# ABOUT THIS TASK:
Repeat only the lines below that run from the line with "These air fried" to the line with "All right, from", ends included; skip every picture.

Collected data
================
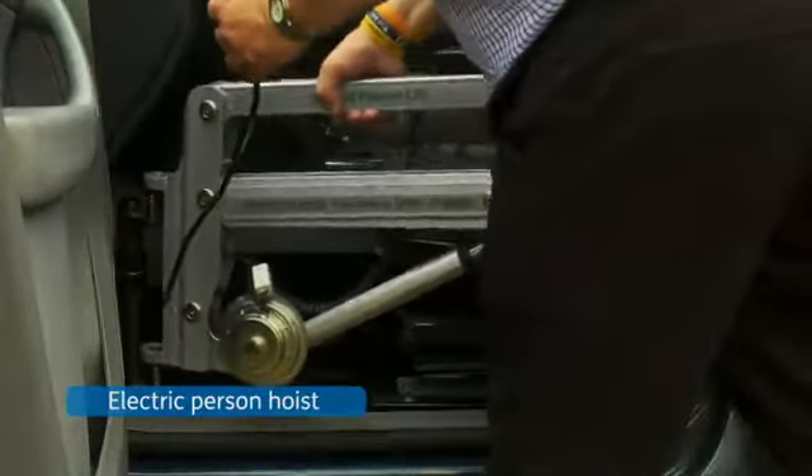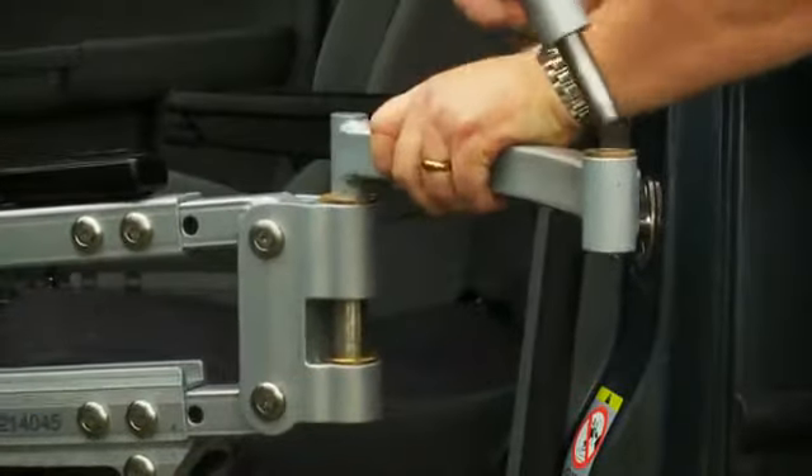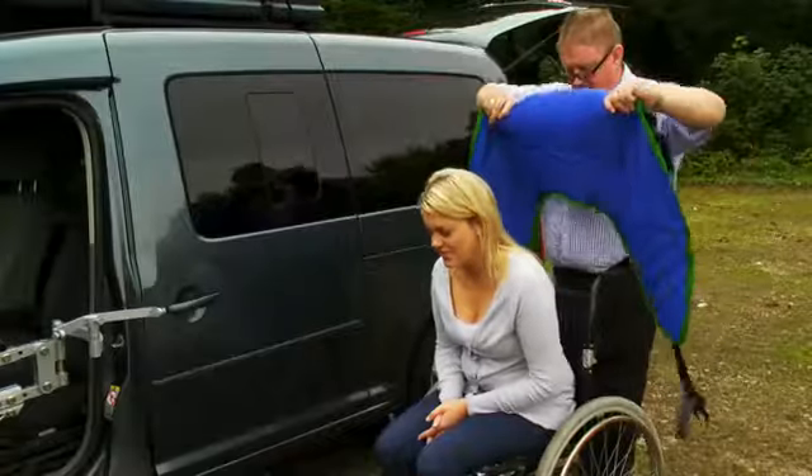The electric person hoist physically lifts you into the car. The hoist includes a permanent mount fitted into the car and three easily assembled parts which clip together to form the frame.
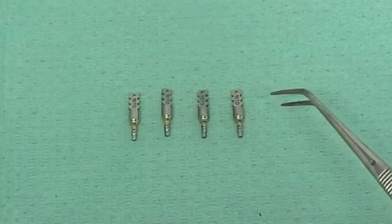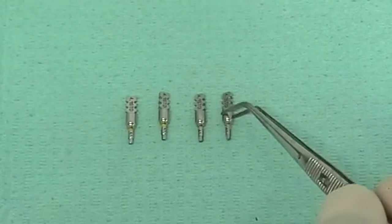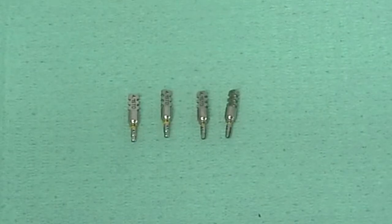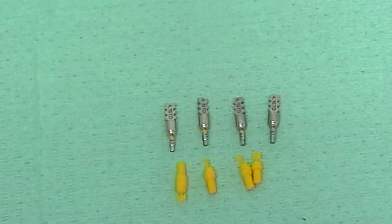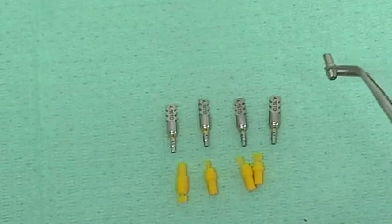Two weeks ago I took an impression with four standard transfers acquiring the position of four osseointegrated implants. My technician poured up a dental cast in order to choose, with the help of try-in abutments, the appropriate abutments. For this clinical case he has chosen three straight abutments with a gingival height of three millimeters and one angled abutment.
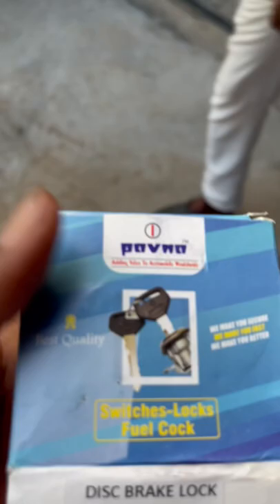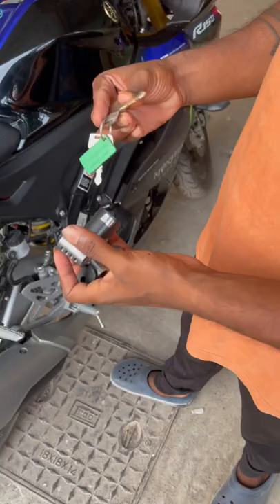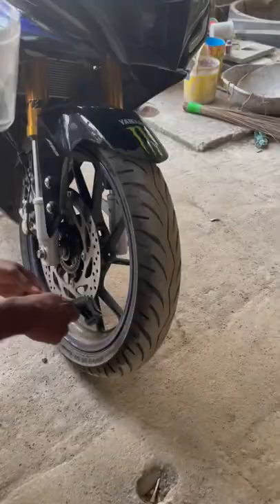We have a disc lock and we have a real problem. We have a bad problem. This is a safety device that's in place. We have to use this. We have to use this at 250 rupees.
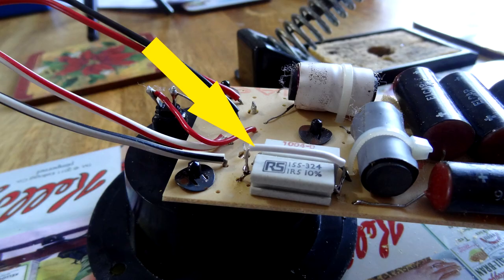I then put the stock tweeter back in and bridged out the one-ohm resistor on the crossover — just a wire from one side to the other. The tweeter is about 8 ohms, so going from 9 ohms back to 8 ohms is roughly a 12% increase in signal to the tweeter. Playing the same music again, there is a slight difference — a little bit better — but nothing that suddenly brings the speaker to life.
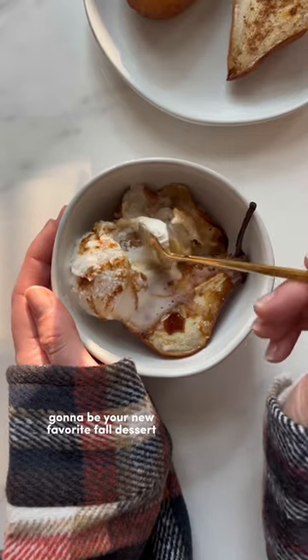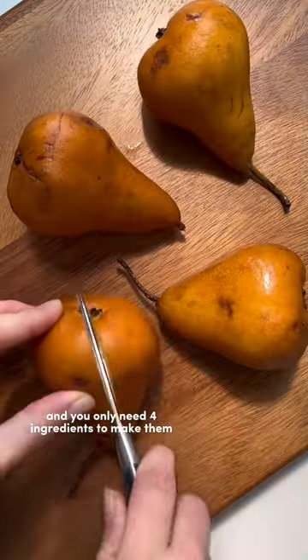These air fried pears are going to be your new favorite fall dessert, and you only need four ingredients to make them.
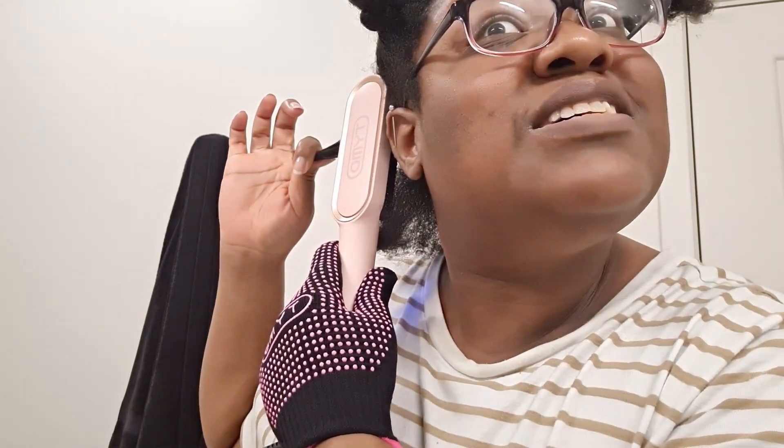All right, from root to tip. I should have worn contacts so I don't have to worry about my glasses getting in the way. It feels hot near my ears — I'm not gonna burn myself, okay, I'm telling you for real.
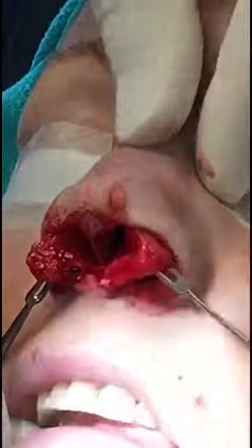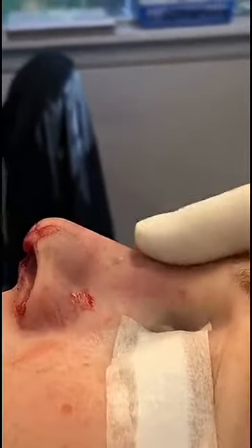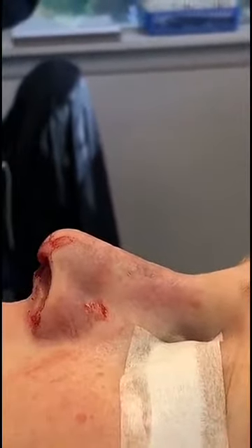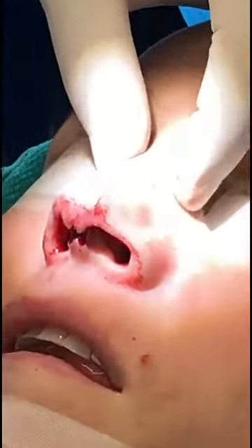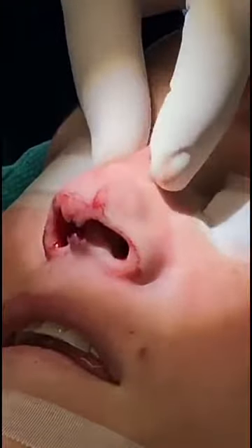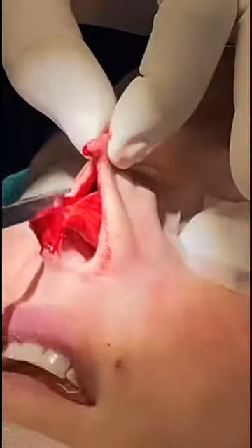A little bit of bone on that. So we're taking it down — you can see the bridge looks a lot better. We're going to continue to fine tune it as we work on the tip. But now we're going to work on the crookedness of the nose. The bones are going towards the left, and the cartilage is kind of snapping back to the right. So we're going to try to shift the nasal bones first.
================
# SOLUTION FOR THIS PROBLEM:
These air fried pears are going to be your new favorite fall dessert, and you only need four ingredients to make them.
All right, from root to tip. I should have worn contacts so I don't have to worry about my glasses getting in the way. It feels hot near my ears — I'm not gonna burn myself, okay, I'm telling you for real.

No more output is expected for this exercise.